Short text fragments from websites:
[Start of Attachment]
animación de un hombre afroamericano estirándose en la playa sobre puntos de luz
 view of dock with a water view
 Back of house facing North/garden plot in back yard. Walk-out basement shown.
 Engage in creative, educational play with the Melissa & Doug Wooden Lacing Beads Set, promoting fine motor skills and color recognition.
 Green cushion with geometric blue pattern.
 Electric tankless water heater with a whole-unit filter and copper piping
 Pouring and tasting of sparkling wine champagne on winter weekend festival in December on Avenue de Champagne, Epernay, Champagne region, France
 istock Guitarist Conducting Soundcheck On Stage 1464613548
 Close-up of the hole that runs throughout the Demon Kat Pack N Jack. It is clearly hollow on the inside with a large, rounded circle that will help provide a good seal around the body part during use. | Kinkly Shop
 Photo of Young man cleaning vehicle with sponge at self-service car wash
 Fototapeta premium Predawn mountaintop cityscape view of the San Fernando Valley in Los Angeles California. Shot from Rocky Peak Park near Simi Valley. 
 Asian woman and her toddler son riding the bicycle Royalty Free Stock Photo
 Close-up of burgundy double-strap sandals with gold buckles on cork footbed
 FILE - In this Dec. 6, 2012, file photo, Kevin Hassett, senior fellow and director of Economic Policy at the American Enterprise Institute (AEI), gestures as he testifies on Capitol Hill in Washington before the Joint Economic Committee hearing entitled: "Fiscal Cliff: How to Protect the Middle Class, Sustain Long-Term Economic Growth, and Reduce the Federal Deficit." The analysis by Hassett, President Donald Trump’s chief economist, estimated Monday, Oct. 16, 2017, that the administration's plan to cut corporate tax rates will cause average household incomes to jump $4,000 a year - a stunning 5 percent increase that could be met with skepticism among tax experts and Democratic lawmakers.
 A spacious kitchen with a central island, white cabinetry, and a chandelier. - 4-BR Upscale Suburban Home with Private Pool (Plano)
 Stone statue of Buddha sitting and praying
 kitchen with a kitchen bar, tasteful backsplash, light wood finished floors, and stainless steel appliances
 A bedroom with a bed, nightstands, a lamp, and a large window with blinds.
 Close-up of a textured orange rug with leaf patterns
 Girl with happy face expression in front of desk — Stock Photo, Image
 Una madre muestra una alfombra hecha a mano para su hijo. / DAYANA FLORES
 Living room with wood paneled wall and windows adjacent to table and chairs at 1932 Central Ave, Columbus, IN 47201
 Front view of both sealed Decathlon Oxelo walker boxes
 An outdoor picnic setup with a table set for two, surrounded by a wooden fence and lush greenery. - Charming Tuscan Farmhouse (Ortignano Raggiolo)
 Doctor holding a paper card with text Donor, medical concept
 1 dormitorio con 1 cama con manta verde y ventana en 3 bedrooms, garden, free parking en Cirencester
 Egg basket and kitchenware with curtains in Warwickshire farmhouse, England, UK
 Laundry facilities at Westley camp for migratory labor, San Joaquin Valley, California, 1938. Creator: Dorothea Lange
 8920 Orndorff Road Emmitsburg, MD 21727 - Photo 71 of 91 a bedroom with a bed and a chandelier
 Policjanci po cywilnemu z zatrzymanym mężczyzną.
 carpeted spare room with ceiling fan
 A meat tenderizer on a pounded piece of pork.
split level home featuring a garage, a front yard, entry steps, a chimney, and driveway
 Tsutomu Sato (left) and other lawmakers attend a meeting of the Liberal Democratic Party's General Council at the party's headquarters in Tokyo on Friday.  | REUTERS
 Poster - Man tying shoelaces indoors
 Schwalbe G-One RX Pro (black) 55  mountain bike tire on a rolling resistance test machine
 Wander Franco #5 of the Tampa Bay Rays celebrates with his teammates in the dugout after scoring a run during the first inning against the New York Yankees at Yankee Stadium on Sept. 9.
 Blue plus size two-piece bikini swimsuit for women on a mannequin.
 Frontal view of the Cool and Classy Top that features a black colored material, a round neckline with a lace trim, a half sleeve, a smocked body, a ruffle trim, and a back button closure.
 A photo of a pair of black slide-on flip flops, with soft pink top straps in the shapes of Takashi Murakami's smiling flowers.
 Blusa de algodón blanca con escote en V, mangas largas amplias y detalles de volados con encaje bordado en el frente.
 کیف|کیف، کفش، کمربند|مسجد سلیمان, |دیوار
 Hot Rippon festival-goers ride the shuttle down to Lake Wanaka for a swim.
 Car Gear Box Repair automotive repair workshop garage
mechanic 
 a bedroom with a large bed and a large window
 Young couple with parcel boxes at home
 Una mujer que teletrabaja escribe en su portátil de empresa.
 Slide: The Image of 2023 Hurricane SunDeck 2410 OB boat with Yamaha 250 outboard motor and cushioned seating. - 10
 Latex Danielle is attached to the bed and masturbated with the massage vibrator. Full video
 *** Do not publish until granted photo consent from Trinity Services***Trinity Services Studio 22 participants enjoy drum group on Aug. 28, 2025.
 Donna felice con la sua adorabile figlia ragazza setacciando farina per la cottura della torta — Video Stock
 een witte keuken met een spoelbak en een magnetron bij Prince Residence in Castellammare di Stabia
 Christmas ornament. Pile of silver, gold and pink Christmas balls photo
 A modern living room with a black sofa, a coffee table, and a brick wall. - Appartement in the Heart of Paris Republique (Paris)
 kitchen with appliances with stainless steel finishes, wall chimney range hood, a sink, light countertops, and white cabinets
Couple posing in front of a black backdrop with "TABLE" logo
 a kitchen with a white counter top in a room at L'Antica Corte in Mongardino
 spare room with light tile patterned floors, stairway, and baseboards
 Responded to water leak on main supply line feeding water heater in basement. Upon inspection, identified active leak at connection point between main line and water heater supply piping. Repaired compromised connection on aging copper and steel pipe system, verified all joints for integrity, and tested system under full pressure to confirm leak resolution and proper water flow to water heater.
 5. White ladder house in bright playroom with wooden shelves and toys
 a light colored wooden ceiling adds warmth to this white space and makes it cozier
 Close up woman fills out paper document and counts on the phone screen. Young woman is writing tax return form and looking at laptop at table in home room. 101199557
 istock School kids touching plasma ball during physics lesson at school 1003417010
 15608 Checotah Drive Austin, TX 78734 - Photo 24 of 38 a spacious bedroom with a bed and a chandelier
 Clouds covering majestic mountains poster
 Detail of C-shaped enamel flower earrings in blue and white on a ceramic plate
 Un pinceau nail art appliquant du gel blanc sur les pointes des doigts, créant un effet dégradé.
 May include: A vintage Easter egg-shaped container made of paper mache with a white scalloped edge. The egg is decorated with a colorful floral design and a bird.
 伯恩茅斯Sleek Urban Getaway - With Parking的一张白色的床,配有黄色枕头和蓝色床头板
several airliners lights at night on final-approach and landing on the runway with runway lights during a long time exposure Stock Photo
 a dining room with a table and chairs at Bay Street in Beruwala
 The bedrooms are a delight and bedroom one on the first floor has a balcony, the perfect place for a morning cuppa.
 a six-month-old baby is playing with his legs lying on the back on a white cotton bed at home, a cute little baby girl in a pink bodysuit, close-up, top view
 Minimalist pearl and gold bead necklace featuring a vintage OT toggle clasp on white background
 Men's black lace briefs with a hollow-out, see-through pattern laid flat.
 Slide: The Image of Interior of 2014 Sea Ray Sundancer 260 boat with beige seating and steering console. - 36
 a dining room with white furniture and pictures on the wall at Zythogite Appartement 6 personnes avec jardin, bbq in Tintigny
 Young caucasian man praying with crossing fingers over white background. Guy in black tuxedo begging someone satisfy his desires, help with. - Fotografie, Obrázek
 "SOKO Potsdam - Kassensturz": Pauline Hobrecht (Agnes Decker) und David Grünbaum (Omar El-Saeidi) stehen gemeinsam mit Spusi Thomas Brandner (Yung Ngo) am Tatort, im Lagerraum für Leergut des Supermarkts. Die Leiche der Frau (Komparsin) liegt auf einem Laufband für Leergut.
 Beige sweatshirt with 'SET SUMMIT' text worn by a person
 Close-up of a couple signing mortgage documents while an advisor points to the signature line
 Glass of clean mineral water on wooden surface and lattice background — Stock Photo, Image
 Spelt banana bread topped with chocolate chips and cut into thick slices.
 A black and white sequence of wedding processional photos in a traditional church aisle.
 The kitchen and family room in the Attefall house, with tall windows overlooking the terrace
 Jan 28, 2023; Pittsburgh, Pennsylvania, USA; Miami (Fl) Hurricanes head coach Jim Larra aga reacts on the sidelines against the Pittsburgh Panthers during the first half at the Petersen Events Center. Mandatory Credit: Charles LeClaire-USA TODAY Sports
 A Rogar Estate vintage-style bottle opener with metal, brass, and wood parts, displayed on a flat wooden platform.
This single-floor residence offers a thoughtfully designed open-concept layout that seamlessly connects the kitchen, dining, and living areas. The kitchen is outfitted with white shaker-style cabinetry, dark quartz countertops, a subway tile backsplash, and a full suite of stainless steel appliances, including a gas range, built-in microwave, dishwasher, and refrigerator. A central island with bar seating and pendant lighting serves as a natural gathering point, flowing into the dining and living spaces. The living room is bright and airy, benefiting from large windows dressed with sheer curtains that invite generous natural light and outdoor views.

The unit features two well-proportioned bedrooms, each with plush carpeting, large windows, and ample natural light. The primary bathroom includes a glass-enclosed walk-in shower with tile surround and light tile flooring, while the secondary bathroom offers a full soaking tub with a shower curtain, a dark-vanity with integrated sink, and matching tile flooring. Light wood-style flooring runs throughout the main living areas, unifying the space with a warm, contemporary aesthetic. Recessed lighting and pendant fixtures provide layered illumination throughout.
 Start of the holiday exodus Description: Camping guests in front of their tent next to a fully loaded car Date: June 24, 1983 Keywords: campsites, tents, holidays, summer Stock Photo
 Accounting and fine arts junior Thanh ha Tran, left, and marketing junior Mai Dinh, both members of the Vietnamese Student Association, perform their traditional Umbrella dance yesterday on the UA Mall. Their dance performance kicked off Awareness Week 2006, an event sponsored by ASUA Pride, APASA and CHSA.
[End of Attachment]
Your task is to restate, word for word, the lines from the beginning of the records to the line with "Green cushion with geometric blue pattern.", inclusive.

animación de un hombre afroamericano estirándose en la playa sobre puntos de luz
 view of dock with a water view
 Back of house facing North/garden plot in back yard. Walk-out basement shown.
 Engage in creative, educational play with the Melissa & Doug Wooden Lacing Beads Set, promoting fine motor skills and color recognition.
 Green cushion with geometric blue pattern.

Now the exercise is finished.